▸ **Data shown**:
= = = =
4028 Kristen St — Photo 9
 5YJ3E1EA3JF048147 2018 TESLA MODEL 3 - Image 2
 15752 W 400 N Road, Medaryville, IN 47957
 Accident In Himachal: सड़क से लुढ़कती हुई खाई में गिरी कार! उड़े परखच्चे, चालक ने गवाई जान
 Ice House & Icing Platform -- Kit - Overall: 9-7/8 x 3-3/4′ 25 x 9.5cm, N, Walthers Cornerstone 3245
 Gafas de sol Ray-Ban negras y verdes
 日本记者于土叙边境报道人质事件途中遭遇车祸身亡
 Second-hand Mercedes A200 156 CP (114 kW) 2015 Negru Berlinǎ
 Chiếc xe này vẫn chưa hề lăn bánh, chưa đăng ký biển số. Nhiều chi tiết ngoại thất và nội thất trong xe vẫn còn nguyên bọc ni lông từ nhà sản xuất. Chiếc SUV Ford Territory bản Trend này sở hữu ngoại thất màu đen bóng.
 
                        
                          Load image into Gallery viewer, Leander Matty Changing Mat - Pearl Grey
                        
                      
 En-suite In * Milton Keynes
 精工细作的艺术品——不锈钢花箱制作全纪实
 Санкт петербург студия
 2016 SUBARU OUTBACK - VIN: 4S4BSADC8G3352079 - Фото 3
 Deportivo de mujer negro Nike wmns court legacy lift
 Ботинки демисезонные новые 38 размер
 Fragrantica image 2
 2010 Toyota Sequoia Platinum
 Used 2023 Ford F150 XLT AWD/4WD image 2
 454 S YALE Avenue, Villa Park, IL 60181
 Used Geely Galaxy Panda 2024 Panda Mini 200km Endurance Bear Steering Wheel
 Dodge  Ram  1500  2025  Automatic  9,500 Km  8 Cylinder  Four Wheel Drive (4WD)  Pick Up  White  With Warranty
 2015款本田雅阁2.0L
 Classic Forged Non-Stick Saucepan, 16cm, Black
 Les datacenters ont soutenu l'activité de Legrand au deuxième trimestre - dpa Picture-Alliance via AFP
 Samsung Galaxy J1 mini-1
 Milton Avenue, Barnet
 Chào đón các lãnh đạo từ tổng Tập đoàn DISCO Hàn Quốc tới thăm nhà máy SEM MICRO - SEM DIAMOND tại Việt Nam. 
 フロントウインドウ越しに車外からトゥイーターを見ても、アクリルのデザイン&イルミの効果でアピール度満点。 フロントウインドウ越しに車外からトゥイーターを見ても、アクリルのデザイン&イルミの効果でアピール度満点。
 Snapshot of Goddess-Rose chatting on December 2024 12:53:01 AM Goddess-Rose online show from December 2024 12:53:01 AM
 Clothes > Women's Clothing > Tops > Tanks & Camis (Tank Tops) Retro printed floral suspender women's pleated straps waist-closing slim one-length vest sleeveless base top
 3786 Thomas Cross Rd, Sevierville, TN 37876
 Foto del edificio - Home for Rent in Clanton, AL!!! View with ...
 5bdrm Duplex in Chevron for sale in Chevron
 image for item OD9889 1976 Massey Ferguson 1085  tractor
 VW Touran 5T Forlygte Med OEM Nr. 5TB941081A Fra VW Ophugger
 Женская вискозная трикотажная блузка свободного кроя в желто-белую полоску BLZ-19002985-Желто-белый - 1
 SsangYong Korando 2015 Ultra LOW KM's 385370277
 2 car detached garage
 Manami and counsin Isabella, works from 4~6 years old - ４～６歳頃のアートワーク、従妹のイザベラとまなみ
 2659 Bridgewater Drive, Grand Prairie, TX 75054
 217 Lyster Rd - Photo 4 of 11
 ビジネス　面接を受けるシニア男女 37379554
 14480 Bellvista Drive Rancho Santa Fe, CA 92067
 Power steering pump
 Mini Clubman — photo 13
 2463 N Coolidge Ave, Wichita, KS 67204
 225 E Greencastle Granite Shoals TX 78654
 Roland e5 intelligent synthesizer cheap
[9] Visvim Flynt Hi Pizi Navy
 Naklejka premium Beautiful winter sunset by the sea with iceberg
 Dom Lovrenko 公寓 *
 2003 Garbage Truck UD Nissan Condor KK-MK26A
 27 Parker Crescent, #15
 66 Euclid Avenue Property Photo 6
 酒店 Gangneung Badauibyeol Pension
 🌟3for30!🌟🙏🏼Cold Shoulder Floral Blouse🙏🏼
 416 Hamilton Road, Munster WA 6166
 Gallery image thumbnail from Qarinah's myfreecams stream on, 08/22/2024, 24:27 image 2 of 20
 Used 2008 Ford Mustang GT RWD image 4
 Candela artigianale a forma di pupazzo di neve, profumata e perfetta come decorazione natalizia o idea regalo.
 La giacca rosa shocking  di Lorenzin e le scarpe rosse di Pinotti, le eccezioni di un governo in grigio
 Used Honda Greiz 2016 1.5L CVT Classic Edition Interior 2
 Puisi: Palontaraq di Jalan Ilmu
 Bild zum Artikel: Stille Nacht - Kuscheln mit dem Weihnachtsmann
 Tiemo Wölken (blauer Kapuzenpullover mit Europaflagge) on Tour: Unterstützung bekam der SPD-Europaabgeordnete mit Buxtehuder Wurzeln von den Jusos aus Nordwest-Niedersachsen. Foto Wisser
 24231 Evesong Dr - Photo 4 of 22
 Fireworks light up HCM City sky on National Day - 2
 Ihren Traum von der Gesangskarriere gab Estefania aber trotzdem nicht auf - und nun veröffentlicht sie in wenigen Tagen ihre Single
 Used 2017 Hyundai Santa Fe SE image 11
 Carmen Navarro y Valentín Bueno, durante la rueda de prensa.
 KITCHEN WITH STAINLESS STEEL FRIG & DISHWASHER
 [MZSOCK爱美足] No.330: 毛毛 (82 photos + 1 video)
= = = =
▸ **What needs to be done**: Each line from the top of the records through the one with "Load image into" should be returned exactly. Leave out everything else.

▸ **Output for this task**:
4028 Kristen St — Photo 9
 5YJ3E1EA3JF048147 2018 TESLA MODEL 3 - Image 2
 15752 W 400 N Road, Medaryville, IN 47957
 Accident In Himachal: सड़क से लुढ़कती हुई खाई में गिरी कार! उड़े परखच्चे, चालक ने गवाई जान
 Ice House & Icing Platform -- Kit - Overall: 9-7/8 x 3-3/4′ 25 x 9.5cm, N, Walthers Cornerstone 3245
 Gafas de sol Ray-Ban negras y verdes
 日本记者于土叙边境报道人质事件途中遭遇车祸身亡
 Second-hand Mercedes A200 156 CP (114 kW) 2015 Negru Berlinǎ
 Chiếc xe này vẫn chưa hề lăn bánh, chưa đăng ký biển số. Nhiều chi tiết ngoại thất và nội thất trong xe vẫn còn nguyên bọc ni lông từ nhà sản xuất. Chiếc SUV Ford Territory bản Trend này sở hữu ngoại thất màu đen bóng.
 
                        
                          Load image into Gallery viewer, Leander Matty Changing Mat - Pearl Grey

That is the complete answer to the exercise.